Setelah Kurabesi yang kekuasaannya sudah mapan mendengar bahwa ada kerajaan-kerajaan
besar di Kepulauan Maluku seperti Ternate, Tidore, Jailolo, dan Bacan, sang
pahlawan ini pun bertandang untuk proyek niaga bersama.
Kurabesi berlayar dan berkunjung ke Kerajaan
Tidore. Dalam kunjungan pertamanya ke Tidore itu, Tidore sedang menghadapi
peperangan Jailolo. Akhirnya, Kurabesi diminta Sultan Tidore untuk turut
membantunya melawan balatentara Jailolo. Tawaran itu diterima Kurabesi dengan
senang hati. Kurabesi memimpin pasukannya mengalahkan armada perahu perang
Jailolo sebelum mereka mendarat di pantai Tidore.

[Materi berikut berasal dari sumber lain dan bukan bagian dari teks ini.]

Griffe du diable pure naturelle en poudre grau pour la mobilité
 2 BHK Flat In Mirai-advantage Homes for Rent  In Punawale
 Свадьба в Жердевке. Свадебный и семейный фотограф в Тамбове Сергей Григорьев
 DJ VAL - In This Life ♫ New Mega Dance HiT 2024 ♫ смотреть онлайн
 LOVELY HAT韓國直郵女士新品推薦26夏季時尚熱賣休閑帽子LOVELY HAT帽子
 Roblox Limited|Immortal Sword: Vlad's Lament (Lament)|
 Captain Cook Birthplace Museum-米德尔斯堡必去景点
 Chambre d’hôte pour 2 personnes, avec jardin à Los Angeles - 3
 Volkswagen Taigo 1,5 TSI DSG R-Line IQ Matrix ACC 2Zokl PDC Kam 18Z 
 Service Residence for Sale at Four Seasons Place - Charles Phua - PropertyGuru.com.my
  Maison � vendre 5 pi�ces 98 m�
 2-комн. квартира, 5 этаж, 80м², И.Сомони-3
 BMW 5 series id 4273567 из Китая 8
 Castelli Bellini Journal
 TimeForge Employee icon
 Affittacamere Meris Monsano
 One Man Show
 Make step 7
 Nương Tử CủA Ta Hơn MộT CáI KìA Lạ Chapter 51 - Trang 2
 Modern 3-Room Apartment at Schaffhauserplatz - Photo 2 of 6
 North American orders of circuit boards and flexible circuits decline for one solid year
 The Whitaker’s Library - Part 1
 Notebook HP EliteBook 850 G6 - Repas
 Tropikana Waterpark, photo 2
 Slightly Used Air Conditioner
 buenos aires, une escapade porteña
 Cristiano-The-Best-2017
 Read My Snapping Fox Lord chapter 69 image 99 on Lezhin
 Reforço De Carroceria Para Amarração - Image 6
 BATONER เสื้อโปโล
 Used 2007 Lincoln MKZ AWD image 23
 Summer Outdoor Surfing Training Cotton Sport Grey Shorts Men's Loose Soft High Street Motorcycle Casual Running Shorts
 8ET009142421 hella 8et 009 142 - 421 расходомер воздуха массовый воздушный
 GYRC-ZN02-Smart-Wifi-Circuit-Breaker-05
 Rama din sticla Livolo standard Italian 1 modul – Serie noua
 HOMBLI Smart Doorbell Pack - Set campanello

Sebagai imbalannya, Sultan Tidore mengizinkan anak
perempuannya, Boki Tabai, untuk menjadi isteri Kurabesi. Konon, nama Papua juga
pemberian dari Sultan Tidore untuk memanggil sebutan nama dari Kurabesi dengan
sebutan ‘papa ua’. Sebab dari 360 suku yang ada di Papua saat ini tak ditemukan
suku kata ‘papua’ itu dalam bahasa mereka. Papua berasal kata ‘papa ua’, yang
artinya tiada-papa dalam bahasa daerah Ternate.
Sebelum Kurabesi bersama istrinya berangkat kembali
ke Raja Ampat, Sultan Tidore memberi mandat kepada Kurabesi untuk menjadi raja
di Kepulauan Raja Ampat dan berpesan kepadanya bahwa kerajaan Tidore akan
memberikan dukungan bantuan kepada Kurabesi untuk mendirikan kekuasannya.
Selain itu kerajaan Kurabesi tetap menjadi sekutu Ternate.
Oleh karena itu rakyat yang akan ditaklukan
Kurabesi harus membayar upeti kepada Kurabesi dan juga kepada Sultan
Tidore setiap tahun. Dengan perjanjian itu, Kurabesi bersama isterinya
berangkat ke negeri Kurabesi. Mereka tiba di pulau Waigeo dan menetap di pusat
pulau Waikeo. Demikianlah, dari Waigeo itulah kekuasaan Kurabesi berkembang ke
pulau-pulau lainnya di Kepulaun Raja Ampat: Misol, Salawati, dan Batanta.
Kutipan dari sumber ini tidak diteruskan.